Data augmentation
Now that you have learned how to process the data to have specific distributions, it is important for you to know about data augmentation, which is usually associated with missing data or high-dimensional data. Traditional machine learning algorithms may have problems dealing with data where the number of dimensions surpasses the number of samples available. The problem is not particular to all deep learning algorithms, but some algorithms have a much more difficult time learning to model a problem that has more variables to figure out than samples to work on. We have a few options to correct that: either we reduce the dimensions or variables (see the following section) or we increase the samples in our dataset (this section).
One of the tools for adding more data is known as data augmentation (Van Dyk, D. A., and Meng, X. L. (2001)). In this section, we will use the MNIST dataset to exemplify a few techniques for data augmentation that are particular to images but can be conceptually extended to other types of data.
We will cover the basics: adding noise, rotating, and rescaling. That is, from one original example, we will produce three new, different images of numerals. We will use the image processing library known as scikit image.
Rescaling
We begin by reloading the MNIST dataset as we have done before:
from sklearn.datasets import fetch_openml
mnist = fetch_openml('mnist_784')
Then we can simply invoke the rescale() method to create a rescaled image. The whole purpose behind resizing an image is to rescale it back to its original size because this makes the image look like a small resolution image of the original. It loses some of its characteristics in the process, but it can actually make a more robust deep learning model. That is, a model robust to the scale of objects, or in this case, the scale of numerals:
from skimage.transform import rescale
x = mnist.data[0].reshape(28,28)
Once we have x as the original image from which we will augment, we can do the scaling down and up as follows:
s = rescale(x, 0.5, multichannel=False)
x_= rescale(s, 2.0, multichannel=False)
Here, the augmented image (rescaled) is in x_. Notice that, in this case, the image is downscaled by a factor of two (50%) and then upscaled, also by a factor of two (200%). The multichannel argument is set to false since the images have only one single channel, meaning they are grayscale.

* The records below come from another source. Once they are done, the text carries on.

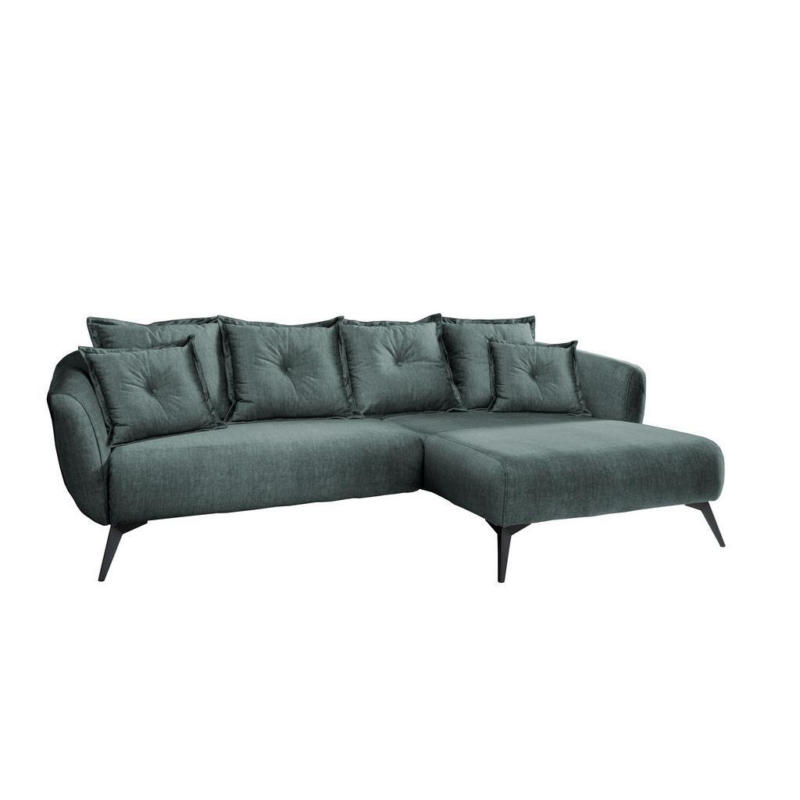 Ecksofa Baggio Mit Kissen Textil Blau/grün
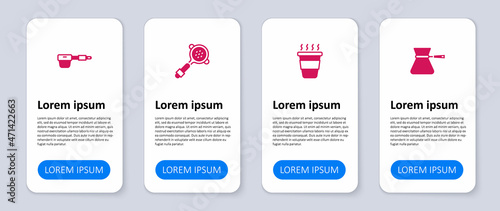 Set Coffee turk, cup to go, filter holder and . Business infographic template. Vector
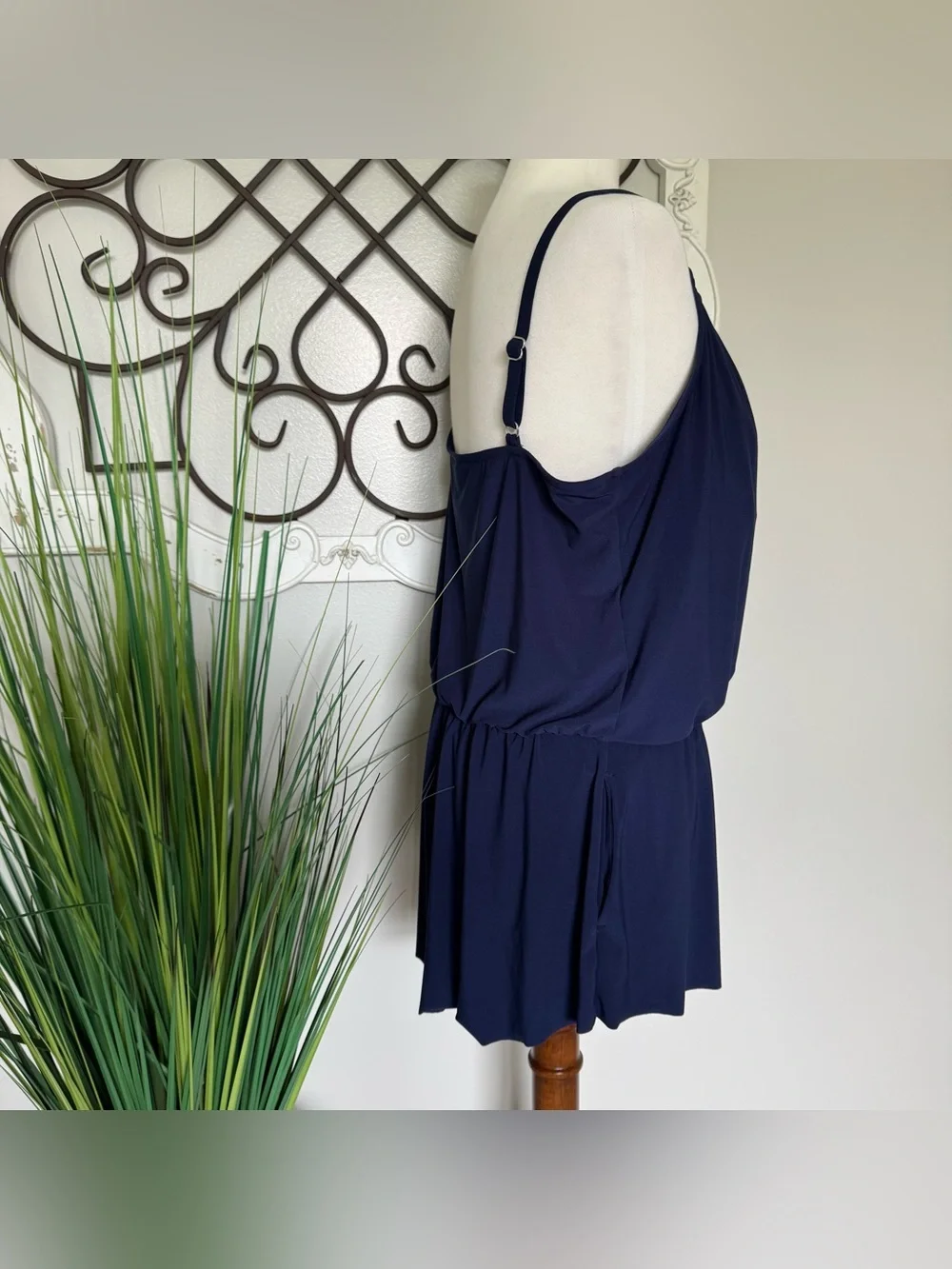 AQUA GREEN Size XL Navy Blue One Piece Romper Style Swimsuit with Pockets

Besides rescaling, we can also modify the existing data slightly so as to have variations of the existing data without deviating much from the original, as we'll discuss next.
Adding noise
Similarly, we can also contaminate the original image with additive Gaussian noise. This creates random patterns all over the image to simulate a camera problem or noisy acquisition. Here, we use it to also augment our dataset and, in the end, to produce a deep learning model that is robust against noise.
For this, we use the random_noise() method as follows:
from skimage.util import random_noise
x_ = random_noise(x)
Once again, the augmented image (noisy) is in x_.
Besides noise, we can also change the perspective of an image slightly so as to preserve the original shape at a different angle, as we'll discuss next.
Rotating
We can use a plain rotation effect on the images to have even more data. The rotation of images is a crucial part of learning good features from images. Larger datasets contain, naturally, many versions of images that are slightly rotated or fully rotated. If we do not have such images in our dataset, we can manually rotate them and augment our data.
For this, we use the rotate() method like so:
from skimage.transform import rotate
x_ = rotate(x, 22)
In this example, the number 22 specifies the angle of rotation:
The first column is the original numeral of the MNIST dataset. The second column shows the effect of rescaling. The third column shows the original plus additive Gaussian noise. The last column shows a rotation of 20 degrees (top) and -20 degrees (bottom).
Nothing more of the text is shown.